Kein Halb- oder Teileinkünfteverfahren bei Teilwertabschreibungen auf Gesellschafterdarlehen
Hintergrund
Zwischen dem Einzelunternehmer A und einer GmbH, an der er zu 100 % beteiligt war, bestand eine Betriebsaufspaltung. A gewährte der GmbH Darlehen und bürgte für deren Bankdarlehen. Zum 31.12.2002 schrieb er die Darlehensforderungen voll ab und bildete für die drohende Inanspruchnahme aus den übernommenen Bürgschaften eine Rückstellung. Das FA ließ unter Hinweis auf das bis 2008 geltende Halbeinkünfteverfahren nur 50 % der Teilwertabschreibungen und der Rückstellung zum Abzug zu. Das FG urteilte, das Abzugsverbot greife nicht ein und gab der Klage statt. Ab 2009 gilt das Teileinkünfteverfahren mit Anhebung des steuerpflichtigen Anteils und der abziehbaren Ausgaben von 50 % auf 60 %; § 3 Nr. 40, § 3c EStG.
Entscheidung
Der BFH stimmt dem FG zu. Da der Anteilseigner seine Beteiligungseinkünfte nicht voll, sondern nur zum Teil (bis 2008 zur Hälfte, ab 2009 zu 60 %, § 3 Nr. 40 EStG) versteuert, kann er dementsprechend seine Ausgaben nur zu 50 % bzw. jetzt zu 60 % abziehen (§ 3c EStG; Halb- bzw. Teileinkünfteverfahren). Die Abzugsbeschränkung gilt jedoch nur für Ausgaben (Betriebsvermögensminderungen), die mit den Beteiligungseinkünften "in wirtschaftlichem Zusammenhang stehen".
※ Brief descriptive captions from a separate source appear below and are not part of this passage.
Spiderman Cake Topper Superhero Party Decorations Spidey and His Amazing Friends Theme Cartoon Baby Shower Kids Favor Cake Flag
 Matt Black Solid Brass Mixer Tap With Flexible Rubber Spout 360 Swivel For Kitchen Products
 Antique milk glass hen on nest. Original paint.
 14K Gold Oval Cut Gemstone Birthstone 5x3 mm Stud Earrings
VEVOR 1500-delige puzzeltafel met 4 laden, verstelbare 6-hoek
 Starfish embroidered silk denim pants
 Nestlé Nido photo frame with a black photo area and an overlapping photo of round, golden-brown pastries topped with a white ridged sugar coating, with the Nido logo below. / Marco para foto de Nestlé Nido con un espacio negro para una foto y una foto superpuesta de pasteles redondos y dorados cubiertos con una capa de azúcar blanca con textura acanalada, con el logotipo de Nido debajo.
Die Finanzverwaltung bejaht für Teilwertabschreibungen auf Gesellschafterdarlehen den wirtschaftlichen Zusammenhang mit Beteiligungserträgen und befürwortet dementsprechend "umgekehrt" für den späteren Gewinn aus einer Wertaufholung nur die anteilige Besteuerung (zu 50/60 %; BMF-Schreiben v. 08.11.2010, BStBl I 2010, 1292). Der BFH widerspricht dieser umgekehrten Gesetzesanwendung. Entscheidend ist, dass die Darlehensforderungen eigenständige Wirtschaftsgüter sind, die von der Beteiligung als solcher zu unterscheiden sind. Das gilt - unbeschadet ihrer Veranlassung durch das Gesellschaftsverhältnis - auch für eigenkapitalersetzende Darlehen.
Die Finanzverwaltung wendet das Halb-/Teileinkünfteverfahren auch auf Teilwertabschreibungen auf Rückgriffsforderungen aus übernommenen Bürgschaften bzw. aus anderen Sicherheiten an. Der BFH weicht auch insoweit von der Verwaltungsauffassung ab und verneint einen für die Abzugsbeschränkung notwendigen wirtschaftlichen Zusammenhang. Maßgeblich ist auch hier, dass der Bürgschaft ebenso wie der Rückgriffsforderung eigenständige Schuldverhältnisse zugrunde liegen. Da der Aufwand aus der Rückstellungsbildung nicht anders zu werten ist als die Teilwertabschreibung auf eine zu aktivierende Rückgriffsforderung war die Rückstellung in vollem Umfang anzuerkennen.
Hinweis
Die Lösung des BFH überzeugt. Die von der Verwaltung vertretene umgekehrte Anwendung ist dem Wortlaut nicht zu entnehmen. In der Parallelentscheidung gleichen Datums (vom 18.04.2012, X R 7/10) hat der BFH - außer zu Teilwertabschreibungen auf Darlehen - entsprechend zum Verzicht auf ein nicht mehr werthaltiges Gesellschafterdarlehen entschieden.
Die Frage der Anwendbarkeit des Teileinkünfteverfahrens in Fällen der unentgeltlichen Überlassung wesentlicher Betriebsgrundlagen im Rahmen einer Betriebsaufspaltung hat der BFH ausdrücklich offen gelassen.